The Goods and Services Tax (GST) has just completed a year, and it has been an eventful journey. It is showing signs of settling down, but it will be probably a year or more before all the glitches and annoyances that have come to the fore after the rollout are actually sorted out. It has not turned out to be the good and simple tax that Prime Minister Narendra Modi promised people, though it is also hardly the Gabbar Singh tax that Congress President Rahul Gandhi dubbed it.
No one had expected the rollout of the GST to be smooth. It was after all the biggest tax system change since Independence. Too many decisions - including which product would attract what tax - were left till the last possible minute. To compound the problem, the GST Council was rolling out GST with multiple slabs, cesses as well as exemptions and exceptions. Then there were the onerous reporting systems - and the fact that the GST Network (GSTN), on which the filing would be done, was yet untested. Many smaller businessmen had expected that the rollout date would be deferred and hence not prepared for the full changes.
What helped was that the members of the GST Council - the Union finance minister as well as State finance ministers - were prepared to take quick decisions to sort out problems as they came up. The GST Council meetings moved swiftly to resolve most problems, whether it meant tweaking rates or changing the reporting requirements and a few rules to make sure that GST would not prove to be a burden. The GST Seva Kendras also helped to sort out the issues of the small- and medium-sized businesses.
The bigger companies, which were preparing for the GST rollout for over a year, took the changeover in their stride. They were very happy with GST, because the tax system would cut out the advantage that smaller players operating informally and evading taxes enjoyed. The small- and medium-sized firms had to deal with a fair amount of disruption in their businesses, because the GST system not only increased their cost of compliance but also hit cash flow cycles. Moreover, as rules and rates kept changing rapidly on the basis of feedback in the first few months, the firms had to keep changing the prices they were charging. Exporters were hit hard because refunds became a problem. Some of these problems have since been fixed. The issue of too many and too complex returns has been sorted out partially - the matching of invoices is yet to start and that is a relief for companies. The GST network has also stabilised.
However, the refund problem is still not over and that is hurting many small and medium companies. Litigation is also on the rise as companies and tax officials grapple with the new system.
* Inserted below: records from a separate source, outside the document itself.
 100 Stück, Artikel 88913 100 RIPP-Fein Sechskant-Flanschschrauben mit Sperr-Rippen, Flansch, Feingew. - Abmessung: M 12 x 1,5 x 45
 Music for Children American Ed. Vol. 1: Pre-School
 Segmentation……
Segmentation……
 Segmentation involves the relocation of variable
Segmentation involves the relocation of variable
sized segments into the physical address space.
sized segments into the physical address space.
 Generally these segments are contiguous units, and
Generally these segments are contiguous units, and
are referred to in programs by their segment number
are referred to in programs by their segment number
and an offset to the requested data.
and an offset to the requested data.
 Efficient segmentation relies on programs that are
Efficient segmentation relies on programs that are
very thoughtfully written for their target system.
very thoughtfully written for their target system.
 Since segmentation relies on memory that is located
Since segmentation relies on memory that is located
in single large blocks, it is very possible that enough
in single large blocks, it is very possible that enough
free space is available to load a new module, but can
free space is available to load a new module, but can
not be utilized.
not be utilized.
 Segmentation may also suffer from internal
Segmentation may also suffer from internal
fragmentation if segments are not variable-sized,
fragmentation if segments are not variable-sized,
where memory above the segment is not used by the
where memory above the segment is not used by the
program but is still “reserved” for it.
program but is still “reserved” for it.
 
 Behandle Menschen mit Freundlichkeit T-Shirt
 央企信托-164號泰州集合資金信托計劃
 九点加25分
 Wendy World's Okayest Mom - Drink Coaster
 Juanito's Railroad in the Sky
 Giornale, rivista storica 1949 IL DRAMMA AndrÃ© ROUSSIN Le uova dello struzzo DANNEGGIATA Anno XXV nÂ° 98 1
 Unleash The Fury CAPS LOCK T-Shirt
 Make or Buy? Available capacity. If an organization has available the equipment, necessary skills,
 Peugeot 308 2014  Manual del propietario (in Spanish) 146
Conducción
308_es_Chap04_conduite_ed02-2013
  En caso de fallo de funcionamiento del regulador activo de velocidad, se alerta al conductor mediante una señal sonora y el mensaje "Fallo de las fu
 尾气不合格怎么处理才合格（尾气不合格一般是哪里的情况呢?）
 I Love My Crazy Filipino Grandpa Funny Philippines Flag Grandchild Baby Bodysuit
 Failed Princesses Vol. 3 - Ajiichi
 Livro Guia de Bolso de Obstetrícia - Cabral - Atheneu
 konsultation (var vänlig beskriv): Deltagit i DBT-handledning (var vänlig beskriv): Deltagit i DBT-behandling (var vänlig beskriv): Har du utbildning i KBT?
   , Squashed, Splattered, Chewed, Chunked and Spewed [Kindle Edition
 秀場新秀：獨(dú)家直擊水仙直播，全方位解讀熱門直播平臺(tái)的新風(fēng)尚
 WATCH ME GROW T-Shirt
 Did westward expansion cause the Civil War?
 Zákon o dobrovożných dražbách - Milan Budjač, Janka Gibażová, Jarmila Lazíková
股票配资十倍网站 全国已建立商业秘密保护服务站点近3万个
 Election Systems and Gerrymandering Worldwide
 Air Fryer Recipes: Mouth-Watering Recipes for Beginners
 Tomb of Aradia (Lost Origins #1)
Meanwhile, from the Union government's point of view, the tax buoyancy is still to materialise, which means they cannot spend as much as they would like in the run up to the general elections next year.
GST has not led to a collapse of businesses as many critics had warned. But it has caused enough disruption and companies are only now beginning to get back to business as normal.
Over the next year, if the tax collections rise enough for the government to feel comfortable, one can expect a rationalisation of the rates. But that is still some while away probably.